----- Available data -----

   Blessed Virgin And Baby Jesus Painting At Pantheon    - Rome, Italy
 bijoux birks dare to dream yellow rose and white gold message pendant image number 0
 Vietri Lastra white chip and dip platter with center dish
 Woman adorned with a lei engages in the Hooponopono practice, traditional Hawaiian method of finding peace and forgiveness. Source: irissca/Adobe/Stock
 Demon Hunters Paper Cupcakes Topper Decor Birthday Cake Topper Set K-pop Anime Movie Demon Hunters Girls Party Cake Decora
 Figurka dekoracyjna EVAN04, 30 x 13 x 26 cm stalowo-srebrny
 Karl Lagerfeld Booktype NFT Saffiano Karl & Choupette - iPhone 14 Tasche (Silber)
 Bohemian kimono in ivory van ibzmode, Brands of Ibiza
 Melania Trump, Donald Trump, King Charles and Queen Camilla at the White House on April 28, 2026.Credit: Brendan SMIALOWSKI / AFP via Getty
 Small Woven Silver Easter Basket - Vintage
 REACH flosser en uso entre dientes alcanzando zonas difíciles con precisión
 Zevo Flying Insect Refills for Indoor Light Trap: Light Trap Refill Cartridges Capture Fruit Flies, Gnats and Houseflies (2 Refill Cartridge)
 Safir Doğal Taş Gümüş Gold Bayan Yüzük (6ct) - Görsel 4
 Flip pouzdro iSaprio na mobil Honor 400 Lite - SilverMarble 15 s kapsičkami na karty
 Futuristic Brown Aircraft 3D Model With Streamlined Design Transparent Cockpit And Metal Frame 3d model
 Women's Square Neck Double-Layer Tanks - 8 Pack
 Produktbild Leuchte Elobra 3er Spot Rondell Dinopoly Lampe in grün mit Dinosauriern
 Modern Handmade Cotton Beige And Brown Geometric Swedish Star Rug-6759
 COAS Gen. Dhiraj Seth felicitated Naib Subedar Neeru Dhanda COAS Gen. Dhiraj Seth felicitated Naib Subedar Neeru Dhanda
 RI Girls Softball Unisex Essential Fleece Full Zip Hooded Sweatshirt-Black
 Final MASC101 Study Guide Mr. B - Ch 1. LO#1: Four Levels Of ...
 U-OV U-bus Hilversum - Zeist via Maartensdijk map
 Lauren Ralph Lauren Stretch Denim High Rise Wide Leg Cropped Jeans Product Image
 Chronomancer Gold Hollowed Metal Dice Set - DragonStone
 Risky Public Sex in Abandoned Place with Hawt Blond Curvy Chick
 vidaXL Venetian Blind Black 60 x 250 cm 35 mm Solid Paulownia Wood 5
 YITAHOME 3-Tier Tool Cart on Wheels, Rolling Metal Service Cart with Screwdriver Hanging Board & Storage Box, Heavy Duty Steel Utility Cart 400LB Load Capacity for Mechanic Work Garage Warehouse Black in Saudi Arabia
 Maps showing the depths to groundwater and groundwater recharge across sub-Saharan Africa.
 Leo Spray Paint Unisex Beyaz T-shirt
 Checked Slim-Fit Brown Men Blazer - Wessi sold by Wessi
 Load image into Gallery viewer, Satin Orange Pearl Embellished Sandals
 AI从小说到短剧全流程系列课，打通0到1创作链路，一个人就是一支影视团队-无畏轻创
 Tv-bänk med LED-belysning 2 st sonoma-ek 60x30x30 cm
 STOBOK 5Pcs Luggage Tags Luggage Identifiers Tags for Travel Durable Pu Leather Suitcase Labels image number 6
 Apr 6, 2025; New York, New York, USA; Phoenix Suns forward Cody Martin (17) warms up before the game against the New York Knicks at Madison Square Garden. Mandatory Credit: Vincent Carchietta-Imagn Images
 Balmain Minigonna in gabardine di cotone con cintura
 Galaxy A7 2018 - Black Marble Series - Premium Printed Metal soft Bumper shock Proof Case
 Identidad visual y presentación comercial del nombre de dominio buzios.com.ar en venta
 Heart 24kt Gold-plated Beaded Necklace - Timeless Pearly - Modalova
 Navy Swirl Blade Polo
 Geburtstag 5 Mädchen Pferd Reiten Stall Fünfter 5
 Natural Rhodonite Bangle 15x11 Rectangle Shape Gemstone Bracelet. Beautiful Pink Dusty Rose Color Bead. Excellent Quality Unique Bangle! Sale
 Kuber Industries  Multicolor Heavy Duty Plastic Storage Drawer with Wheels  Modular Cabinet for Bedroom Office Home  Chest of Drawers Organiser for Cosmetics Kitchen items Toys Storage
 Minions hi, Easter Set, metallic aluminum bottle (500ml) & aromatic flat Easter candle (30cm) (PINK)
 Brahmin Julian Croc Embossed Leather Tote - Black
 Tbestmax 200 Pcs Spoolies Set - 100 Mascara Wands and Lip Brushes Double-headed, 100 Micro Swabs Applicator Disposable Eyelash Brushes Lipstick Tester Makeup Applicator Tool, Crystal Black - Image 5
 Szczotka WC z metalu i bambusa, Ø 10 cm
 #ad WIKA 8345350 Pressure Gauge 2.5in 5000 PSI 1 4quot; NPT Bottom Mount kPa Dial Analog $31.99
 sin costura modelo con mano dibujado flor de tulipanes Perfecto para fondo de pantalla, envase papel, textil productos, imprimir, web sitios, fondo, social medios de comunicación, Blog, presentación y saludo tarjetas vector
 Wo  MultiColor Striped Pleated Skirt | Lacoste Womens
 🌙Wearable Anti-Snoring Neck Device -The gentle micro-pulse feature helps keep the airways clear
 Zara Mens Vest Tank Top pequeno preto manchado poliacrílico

-----

Please return the material above exactly as written.

## Written reply
   Blessed Virgin And Baby Jesus Painting At Pantheon    - Rome, Italy
 bijoux birks dare to dream yellow rose and white gold message pendant image number 0
 Vietri Lastra white chip and dip platter with center dish
 Woman adorned with a lei engages in the Hooponopono practice, traditional Hawaiian method of finding peace and forgiveness. Source: irissca/Adobe/Stock
 Demon Hunters Paper Cupcakes Topper Decor Birthday Cake Topper Set K-pop Anime Movie Demon Hunters Girls Party Cake Decora
 Figurka dekoracyjna EVAN04, 30 x 13 x 26 cm stalowo-srebrny
 Karl Lagerfeld Booktype NFT Saffiano Karl & Choupette - iPhone 14 Tasche (Silber)
 Bohemian kimono in ivory van ibzmode, Brands of Ibiza
 Melania Trump, Donald Trump, King Charles and Queen Camilla at the White House on April 28, 2026.Credit: Brendan SMIALOWSKI / AFP via Getty
 Small Woven Silver Easter Basket - Vintage
 REACH flosser en uso entre dientes alcanzando zonas difíciles con precisión
 Zevo Flying Insect Refills for Indoor Light Trap: Light Trap Refill Cartridges Capture Fruit Flies, Gnats and Houseflies (2 Refill Cartridge)
 Safir Doğal Taş Gümüş Gold Bayan Yüzük (6ct) - Görsel 4
 Flip pouzdro iSaprio na mobil Honor 400 Lite - SilverMarble 15 s kapsičkami na karty
 Futuristic Brown Aircraft 3D Model With Streamlined Design Transparent Cockpit And Metal Frame 3d model
 Women's Square Neck Double-Layer Tanks - 8 Pack
 Produktbild Leuchte Elobra 3er Spot Rondell Dinopoly Lampe in grün mit Dinosauriern
 Modern Handmade Cotton Beige And Brown Geometric Swedish Star Rug-6759
 COAS Gen. Dhiraj Seth felicitated Naib Subedar Neeru Dhanda COAS Gen. Dhiraj Seth felicitated Naib Subedar Neeru Dhanda
 RI Girls Softball Unisex Essential Fleece Full Zip Hooded Sweatshirt-Black
 Final MASC101 Study Guide Mr. B - Ch 1. LO#1: Four Levels Of ...
 U-OV U-bus Hilversum - Zeist via Maartensdijk map
 Lauren Ralph Lauren Stretch Denim High Rise Wide Leg Cropped Jeans Product Image
 Chronomancer Gold Hollowed Metal Dice Set - DragonStone
 Risky Public Sex in Abandoned Place with Hawt Blond Curvy Chick
 vidaXL Venetian Blind Black 60 x 250 cm 35 mm Solid Paulownia Wood 5
 YITAHOME 3-Tier Tool Cart on Wheels, Rolling Metal Service Cart with Screwdriver Hanging Board & Storage Box, Heavy Duty Steel Utility Cart 400LB Load Capacity for Mechanic Work Garage Warehouse Black in Saudi Arabia
 Maps showing the depths to groundwater and groundwater recharge across sub-Saharan Africa.
 Leo Spray Paint Unisex Beyaz T-shirt
 Checked Slim-Fit Brown Men Blazer - Wessi sold by Wessi
 Load image into Gallery viewer, Satin Orange Pearl Embellished Sandals
 AI从小说到短剧全流程系列课，打通0到1创作链路，一个人就是一支影视团队-无畏轻创
 Tv-bänk med LED-belysning 2 st sonoma-ek 60x30x30 cm
 STOBOK 5Pcs Luggage Tags Luggage Identifiers Tags for Travel Durable Pu Leather Suitcase Labels image number 6
 Apr 6, 2025; New York, New York, USA; Phoenix Suns forward Cody Martin (17) warms up before the game against the New York Knicks at Madison Square Garden. Mandatory Credit: Vincent Carchietta-Imagn Images
 Balmain Minigonna in gabardine di cotone con cintura
 Galaxy A7 2018 - Black Marble Series - Premium Printed Metal soft Bumper shock Proof Case
 Identidad visual y presentación comercial del nombre de dominio buzios.com.ar en venta
 Heart 24kt Gold-plated Beaded Necklace - Timeless Pearly - Modalova
 Navy Swirl Blade Polo
 Geburtstag 5 Mädchen Pferd Reiten Stall Fünfter 5
 Natural Rhodonite Bangle 15x11 Rectangle Shape Gemstone Bracelet. Beautiful Pink Dusty Rose Color Bead. Excellent Quality Unique Bangle! Sale
 Kuber Industries  Multicolor Heavy Duty Plastic Storage Drawer with Wheels  Modular Cabinet for Bedroom Office Home  Chest of Drawers Organiser for Cosmetics Kitchen items Toys Storage
 Minions hi, Easter Set, metallic aluminum bottle (500ml) & aromatic flat Easter candle (30cm) (PINK)
 Brahmin Julian Croc Embossed Leather Tote - Black
 Tbestmax 200 Pcs Spoolies Set - 100 Mascara Wands and Lip Brushes Double-headed, 100 Micro Swabs Applicator Disposable Eyelash Brushes Lipstick Tester Makeup Applicator Tool, Crystal Black - Image 5
 Szczotka WC z metalu i bambusa, Ø 10 cm
 #ad WIKA 8345350 Pressure Gauge 2.5in 5000 PSI 1 4quot; NPT Bottom Mount kPa Dial Analog $31.99
 sin costura modelo con mano dibujado flor de tulipanes Perfecto para fondo de pantalla, envase papel, textil productos, imprimir, web sitios, fondo, social medios de comunicación, Blog, presentación y saludo tarjetas vector
 Wo  MultiColor Striped Pleated Skirt | Lacoste Womens
 🌙Wearable Anti-Snoring Neck Device -The gentle micro-pulse feature helps keep the airways clear
 Zara Mens Vest Tank Top pequeno preto manchado poliacrílico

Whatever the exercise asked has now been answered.